Beau Brummell: Dandy

He was a fashion icon, the first of his kind, a man known for little more than the clothes he wore and the manner of his being – fragrant, polished, charming and stylish but with a rapier wit and a sharp tongue. He was Beau Brummell, man about town and dandy. Famous in his own lifetime he would become even more so after his death, though it would take time.

He was born George Bryan Brummell on 7 July, 1778, in Downing Street, London, where his father was employed as Private Secretary to the Prime Minister Lord North. His family then, were wealthy and respected but they were not of noble blood.  Even so, William Brummell was determined that his son’s would be raised as if they were – they would be gentlemen.

In the case of his younger son George he needn’t have worried for if he had anything at all it was a high self-regard and the air of superiority that comes from being raised within the corridors of power. He also had an overwhelming desire not to go unnoticed and both the poise and self-confidence to ensure that he wasn’t.  Aware that few can know you but all can see you image was important and his time at Eton Public School, which he attended as a fee paying student, was a great success. There were few who met him even as a child who forgot the experience but his was not merely the triumph of style over substance, he was also an intelligent young man who early on had perceived a clear path to success.

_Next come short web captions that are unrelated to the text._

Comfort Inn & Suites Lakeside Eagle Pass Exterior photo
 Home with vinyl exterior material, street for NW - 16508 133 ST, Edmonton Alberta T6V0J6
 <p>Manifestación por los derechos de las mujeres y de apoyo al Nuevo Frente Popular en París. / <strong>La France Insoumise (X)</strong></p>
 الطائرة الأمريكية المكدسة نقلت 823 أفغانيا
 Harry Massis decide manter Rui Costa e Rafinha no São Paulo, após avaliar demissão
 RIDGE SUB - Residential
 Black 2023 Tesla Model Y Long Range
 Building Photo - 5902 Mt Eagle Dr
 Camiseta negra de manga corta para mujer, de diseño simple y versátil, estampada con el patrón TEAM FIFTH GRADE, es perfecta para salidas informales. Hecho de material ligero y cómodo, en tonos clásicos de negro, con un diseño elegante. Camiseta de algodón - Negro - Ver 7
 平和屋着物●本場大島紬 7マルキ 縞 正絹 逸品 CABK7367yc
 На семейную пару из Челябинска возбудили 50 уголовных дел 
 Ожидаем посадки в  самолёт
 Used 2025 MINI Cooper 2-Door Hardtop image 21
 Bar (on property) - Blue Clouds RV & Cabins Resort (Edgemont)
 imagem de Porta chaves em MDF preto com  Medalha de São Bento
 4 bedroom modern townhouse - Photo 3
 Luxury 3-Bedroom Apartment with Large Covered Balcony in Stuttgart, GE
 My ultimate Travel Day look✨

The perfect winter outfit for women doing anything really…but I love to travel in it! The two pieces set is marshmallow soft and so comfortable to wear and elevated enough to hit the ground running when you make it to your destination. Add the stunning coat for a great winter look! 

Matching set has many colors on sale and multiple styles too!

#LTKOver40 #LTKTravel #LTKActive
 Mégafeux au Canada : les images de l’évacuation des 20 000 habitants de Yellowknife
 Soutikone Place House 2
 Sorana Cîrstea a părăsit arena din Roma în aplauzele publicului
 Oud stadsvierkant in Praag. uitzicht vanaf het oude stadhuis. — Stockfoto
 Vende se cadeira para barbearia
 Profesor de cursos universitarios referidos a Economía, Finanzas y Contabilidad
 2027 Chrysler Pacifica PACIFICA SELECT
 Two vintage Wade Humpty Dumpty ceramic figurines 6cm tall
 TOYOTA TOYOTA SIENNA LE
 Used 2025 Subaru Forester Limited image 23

After Eton he briefly attended Oxford University where he likely met George, Prince of Wales for the first time. The future Prince Regent and King George IV was impressed by this young man with such style, wit and self-regard, enamoured even – the young George Brummell had hooked a big fish.

When his father died in June 1794, leaving him £20,000 in his Will he abandoned his studies at Oxford in favour of purchasing a commission in the Royal Hussars, the Prince’s Own Regiment, so he could remain close to the man who would provide his meal ticket to fame and fortune; but to do so wasn’t cheap and he could only afford the rank of Cornet not nearly exalted enough to gain him access to the Prince but at a time when such things were not earned but lay in the gift of family and friends Brummell was promoted first to Lieutenant and then to Captain. His access to the Prince was assured but when the Regiment was transferred to Manchester he resigned his commission so he could remain in London declaring that he could not bear to dwell among the destitute and unwashed in a place of, “undistinguished ambience with such a want of civility and culture.”

He also begged the Executors of his father’s Will (he had still not yet come of age) to buy for him a house in Mayfair which they did but at great cost- Brummell cared little, it was money well spent.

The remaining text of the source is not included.